Miroslava Castellanos, directora de marketing de Keyrus, explica que durante los grandes eventos deportivos los consumidores toman decisiones más emocionales, impulsivas y altamente influenciadas por el entorno social. Según la experta, una clasificación histórica o un resultado inesperado puede modificar el comportamiento de compra en cuestión de minutos.
Señales en Colombia
En Colombia ya comienzan a verse señales de ese efecto. Decathlon reporta un aumento en el interés por camisetas, balones y productos relacionados con el fútbol a medida que se acerca el debut de Colombia, impulsado por consumidores que buscan expresar identidad y conexión emocional con sus selecciones favoritas. La compañía destaca que el crecimiento del segmento infantil está superando al de los adultos, impulsado por familias que quieren vivir la experiencia.
Los centros comerciales también esperan beneficiarse. Bulevar Centro Comercial proyecta recibir más de un millón de visitantes entre junio y julio, y crecer cerca de un 10% frente al mismo periodo del año anterior gracias a las actividades asociadas al Mundial.
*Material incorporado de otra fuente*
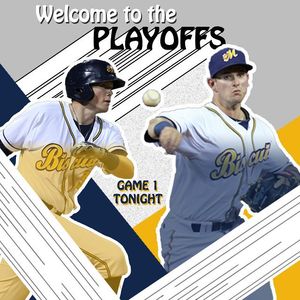 Image post by @biscuitbaseball on Instagram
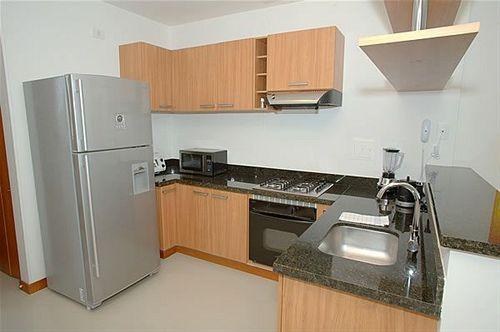 Travelers Apartamentos & Suites Orange Cartagena photo 2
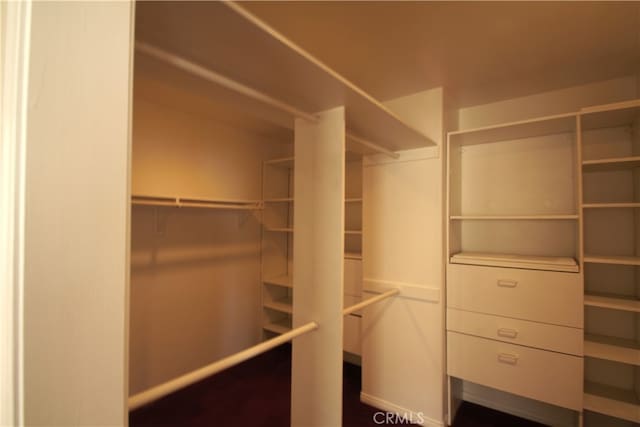 161 E 220th St, Carson, CA 90745 - photo 33
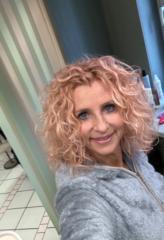 Jolanda Rubichi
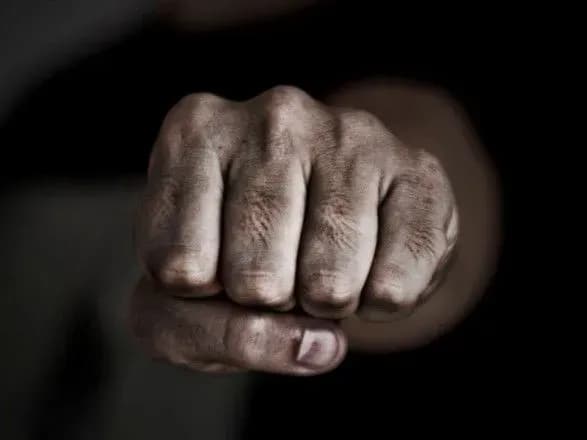 Убивство на Донеччині допомогла розкрити передсмертна записка співучасника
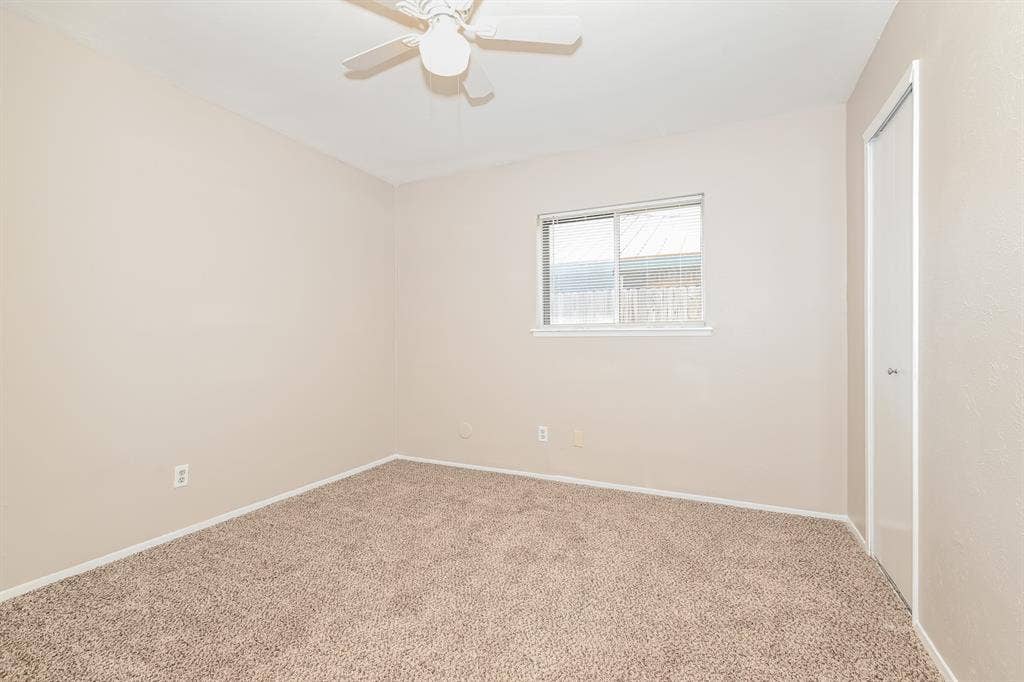 4906 Stagecoach Lane, Garland, TX 75043 4906 Stagecoach Lane, Garland, TX 75043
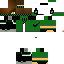 Texture for simo2004op
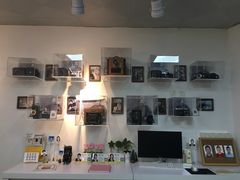 -汇美相馆(华强北店)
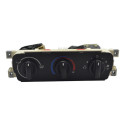 Comando Controle Ar Painel Ford Transit 2008 A 2013 Original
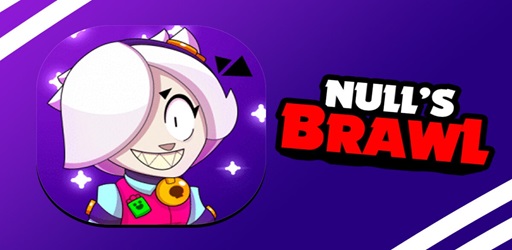 Thumbnail Nulls Brawl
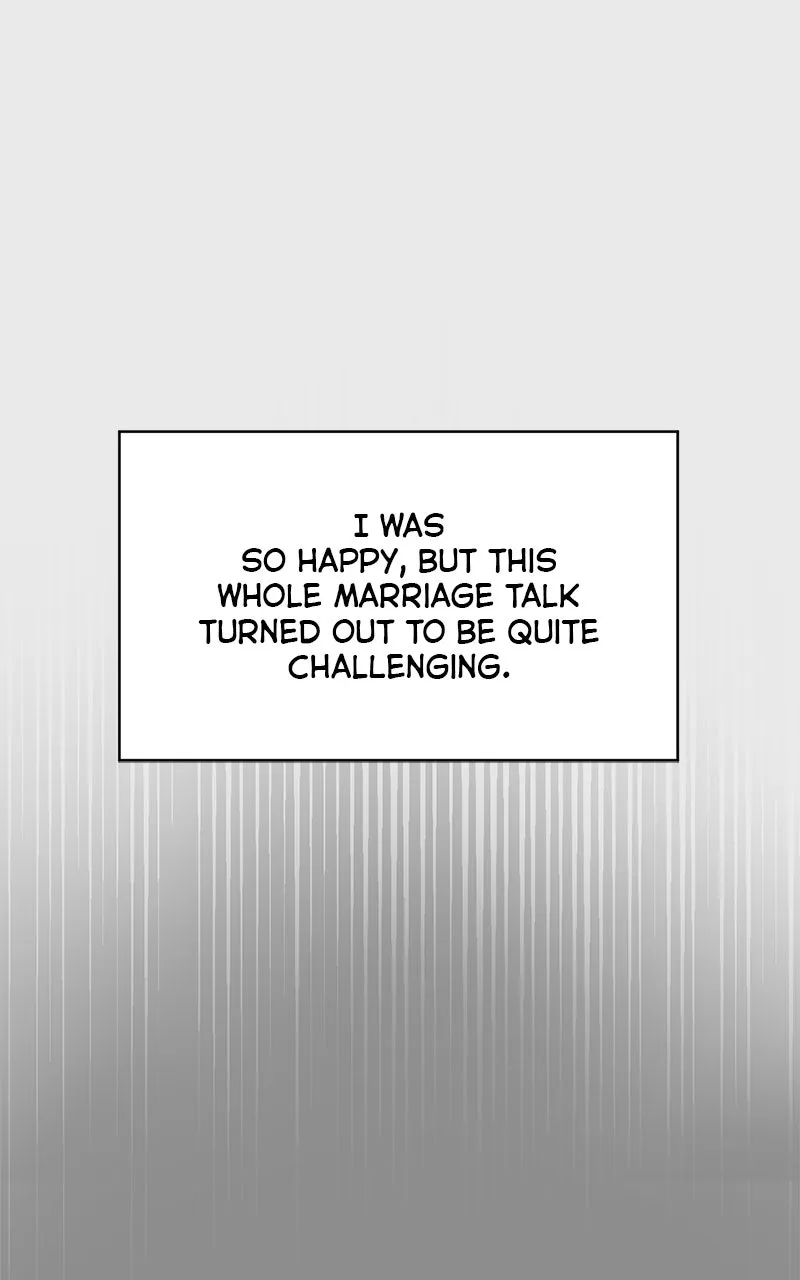 Degree of Love Chapter 71 page 71 - 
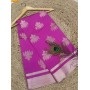 S19-127-006 S19-127-006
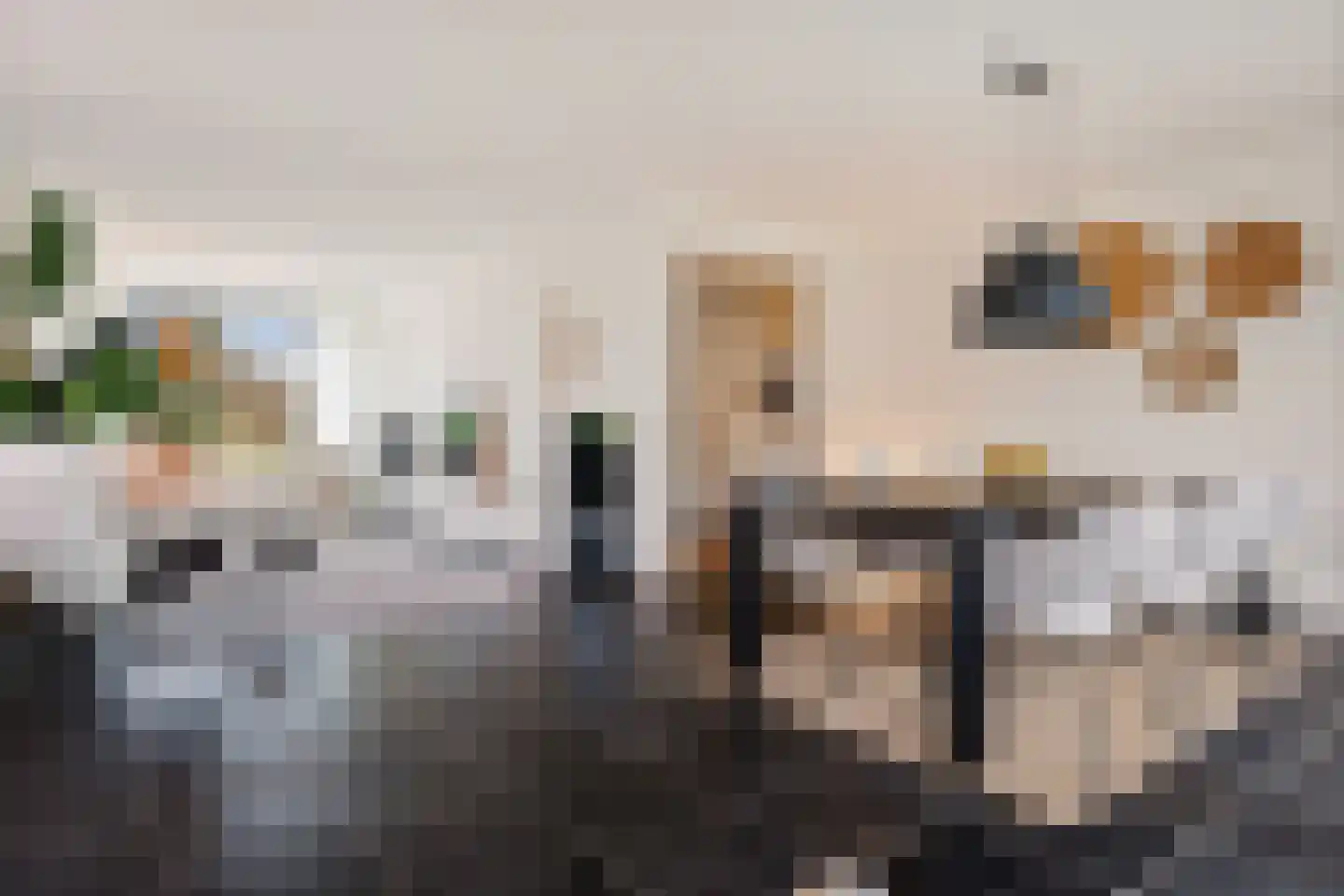 Boslaan 5 Sappemeer thumbnail 15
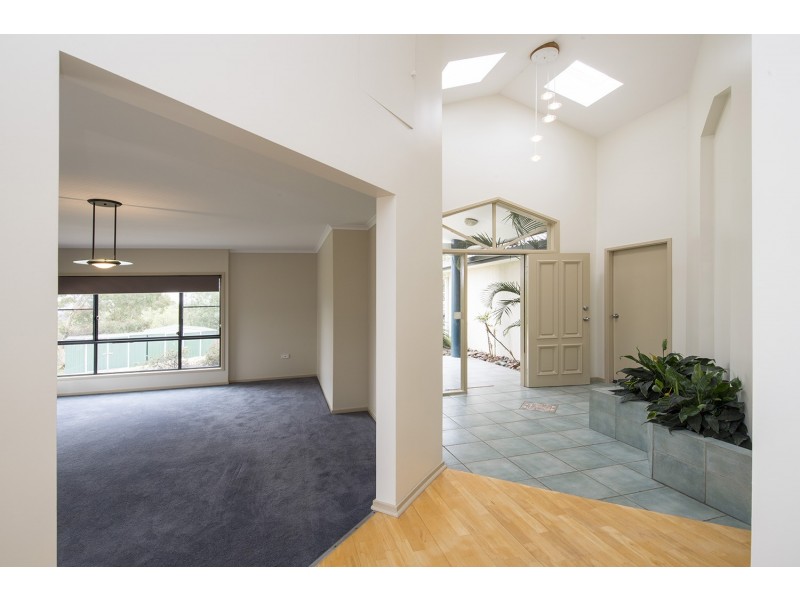 133 Coal Road, Muswellbrook NSW 2333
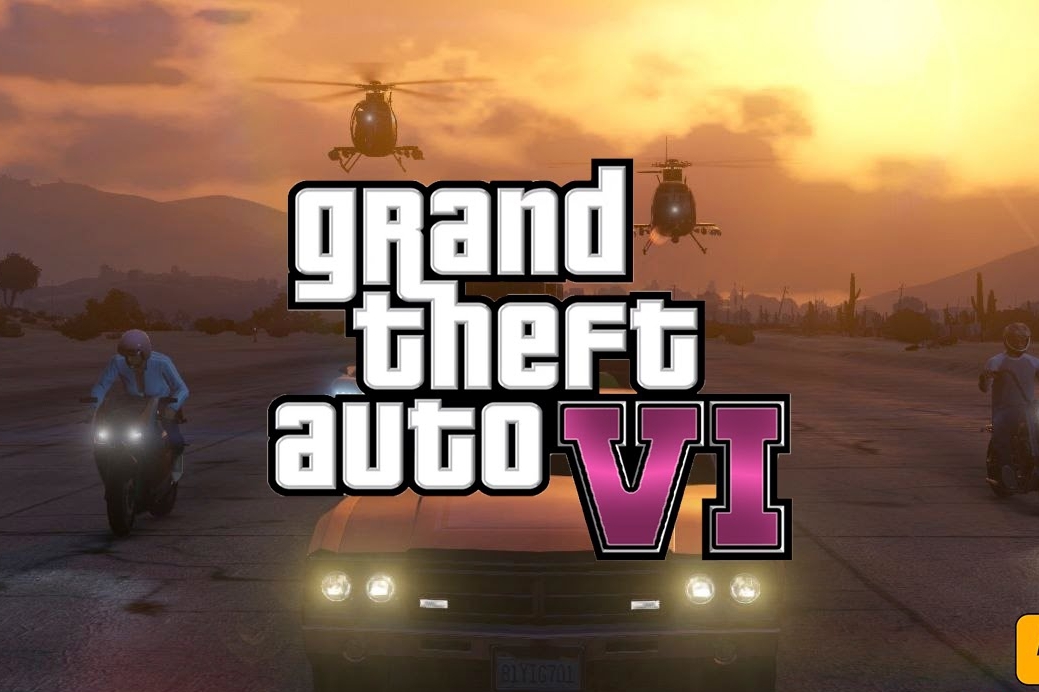 GTA 6  5 coisas que já sabemos sobre o novo game da Rockstar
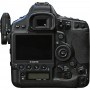 Зеркальный фотоаппарат Canon EOS 1D X Mark III body                                                                                                                                                                                                       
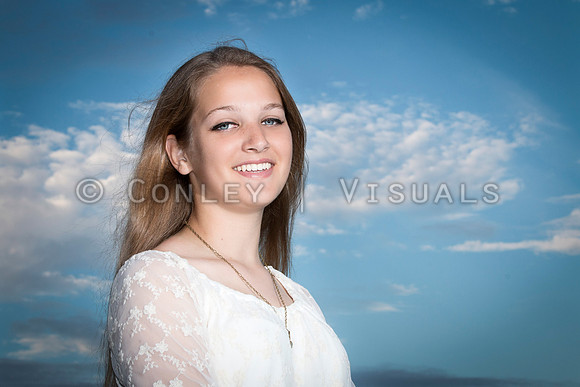 EDIT GOOD  IMG_9930_pp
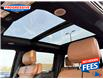 2023 Ford F-250 Platinum (Stk: PED60270) in Sarnia - Image 14 of 16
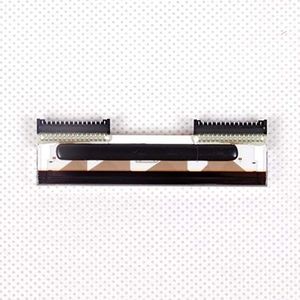 Replacement Parts for Printer PRTA17482 Printhead Print Head for Zebra LP 2824 LP 2824 Plus Thermal Label Printer G105910-102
Pantallas gigantes, promociones y experiencias temáticas buscan captar una realidad que los comerciantes conocen bien: cuando una selección gana, la gente permanece más tiempo, consume más y encuentra nuevas razones para celebrar.
Por eso, para la economía, un gol vale mucho más que un tanto en el marcador. Significa todo lo que los aficionados están dispuestos a gastar cuando sienten que su equipo está más cerca de hacer historia.